## Task details
Pictures excluded, copy word for word the lines from the one holding "desenhos de emoções para imprimir" through the last line below.

## Given data
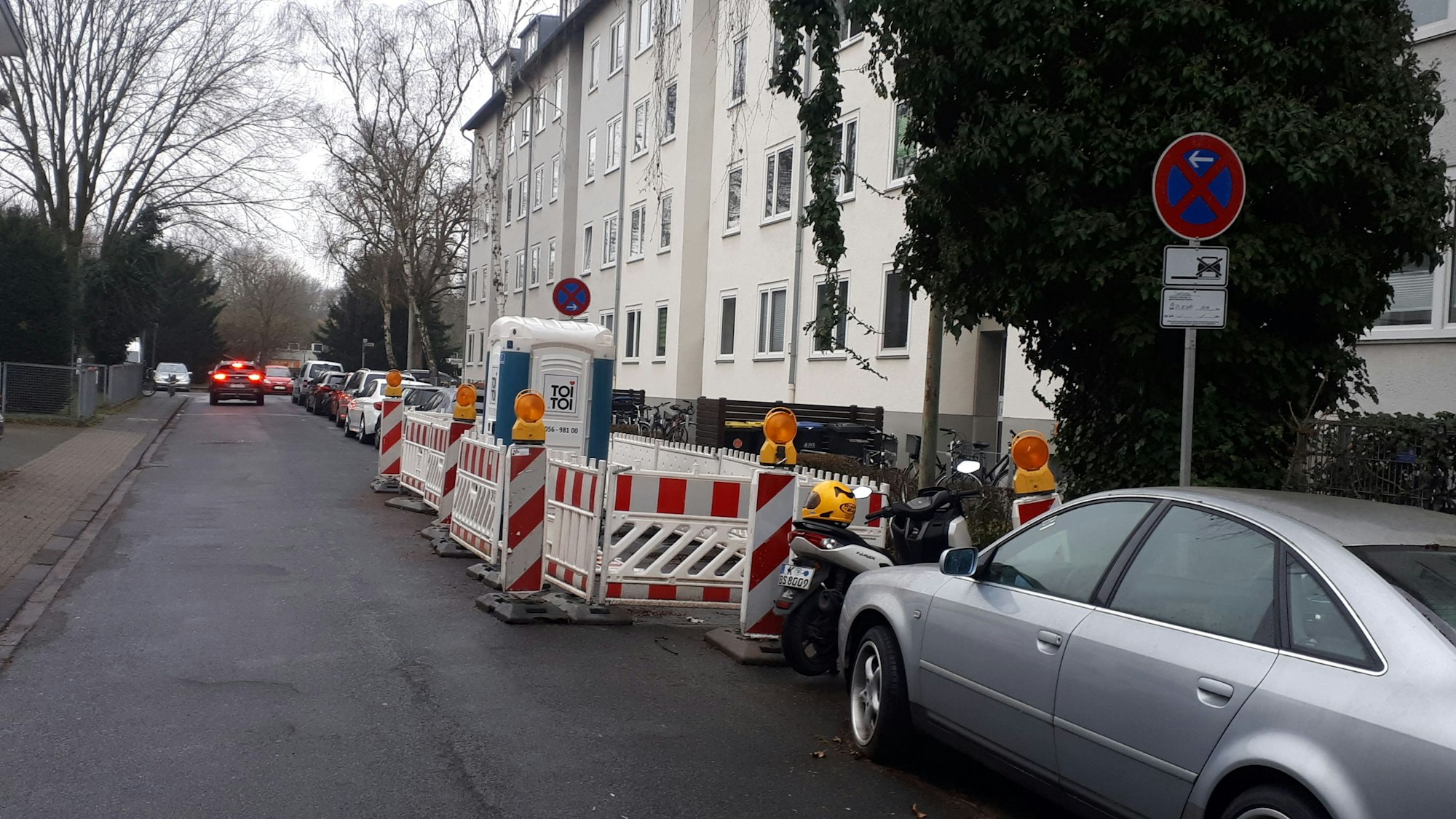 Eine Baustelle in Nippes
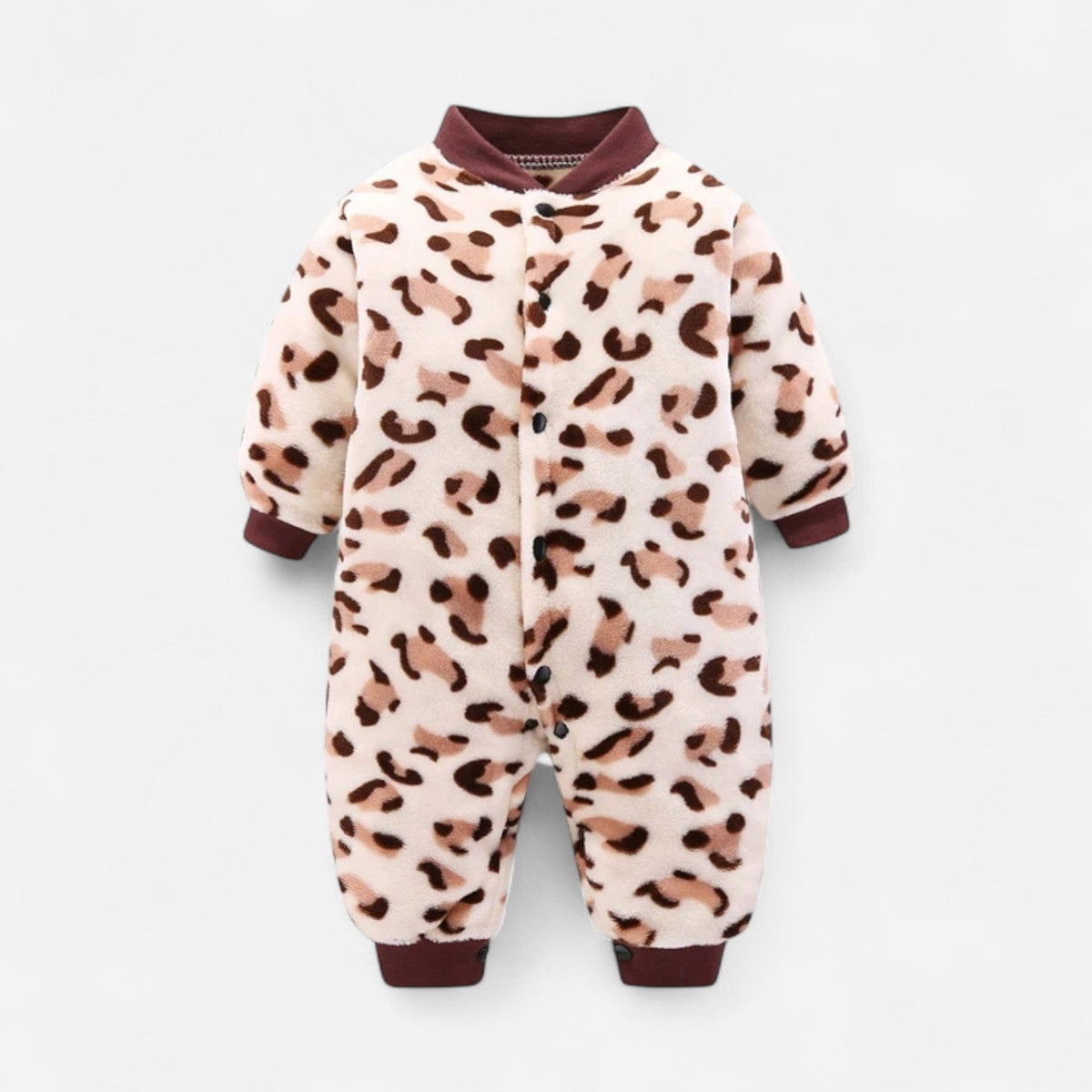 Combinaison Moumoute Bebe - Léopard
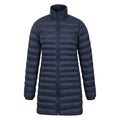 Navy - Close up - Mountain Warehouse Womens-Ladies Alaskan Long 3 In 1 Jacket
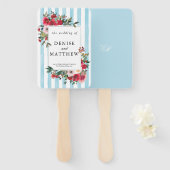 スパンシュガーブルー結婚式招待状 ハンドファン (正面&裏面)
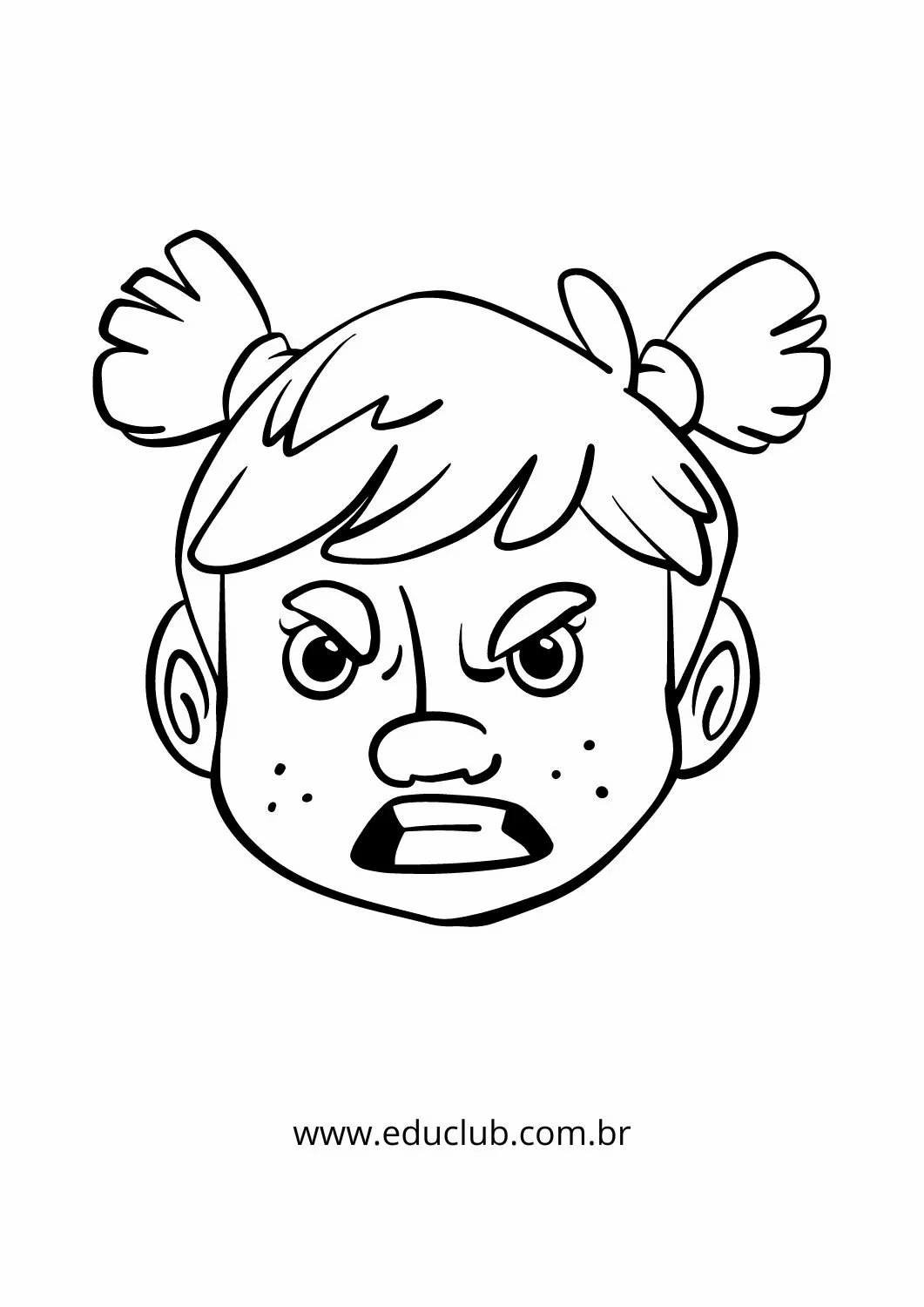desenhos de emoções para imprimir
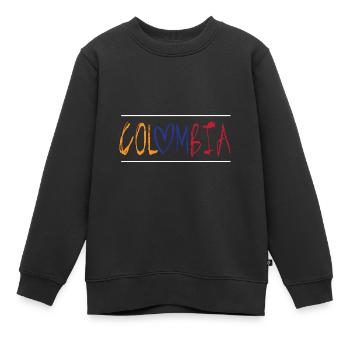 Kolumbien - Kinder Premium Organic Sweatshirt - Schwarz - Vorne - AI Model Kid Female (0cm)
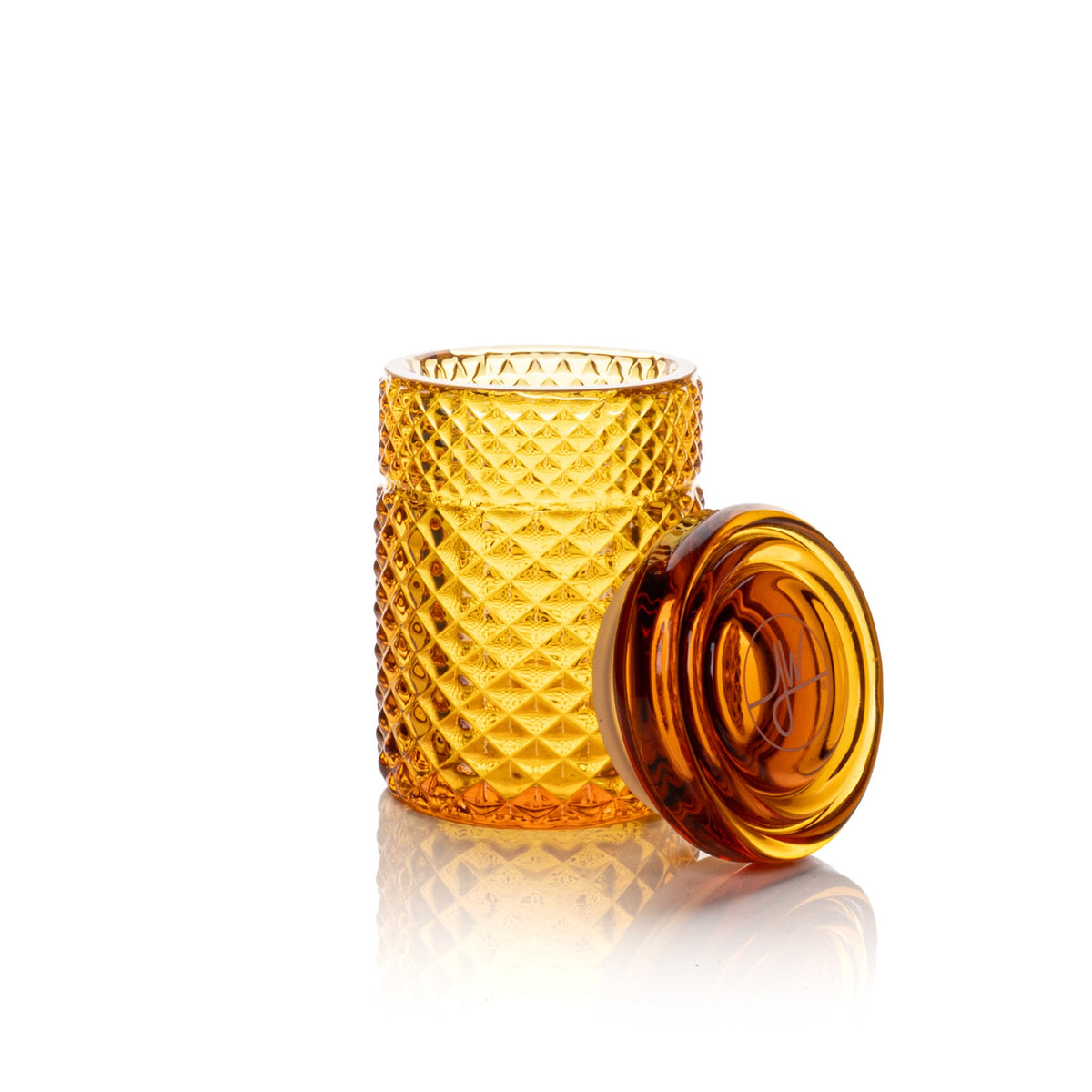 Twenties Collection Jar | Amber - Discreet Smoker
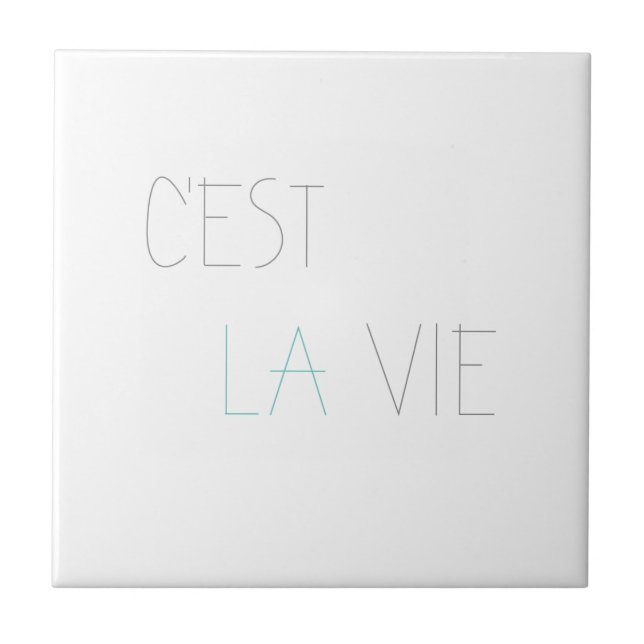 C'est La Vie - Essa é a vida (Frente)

## Solution to this exercise
desenhos de emoções para imprimir
 Kolumbien - Kinder Premium Organic Sweatshirt - Schwarz - Vorne - AI Model Kid Female (0cm)
 Twenties Collection Jar | Amber - Discreet Smoker
 C'est La Vie - Essa é a vida (Frente)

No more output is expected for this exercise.